(EXERCISE DATA)
☆ ☆ ☆ ☆ ☆
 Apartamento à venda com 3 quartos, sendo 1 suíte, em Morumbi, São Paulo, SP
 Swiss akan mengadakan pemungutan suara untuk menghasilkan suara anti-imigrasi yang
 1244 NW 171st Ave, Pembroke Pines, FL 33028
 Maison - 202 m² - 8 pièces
☆ ☆ ☆ ☆ ☆
(EXERCISE OBJECTIVE)
Copy down the whole of the data above, matching it exactly.

(OUTPUT)
 Apartamento à venda com 3 quartos, sendo 1 suíte, em Morumbi, São Paulo, SP
 Swiss akan mengadakan pemungutan suara untuk menghasilkan suara anti-imigrasi yang
 1244 NW 171st Ave, Pembroke Pines, FL 33028
 Maison - 202 m² - 8 pièces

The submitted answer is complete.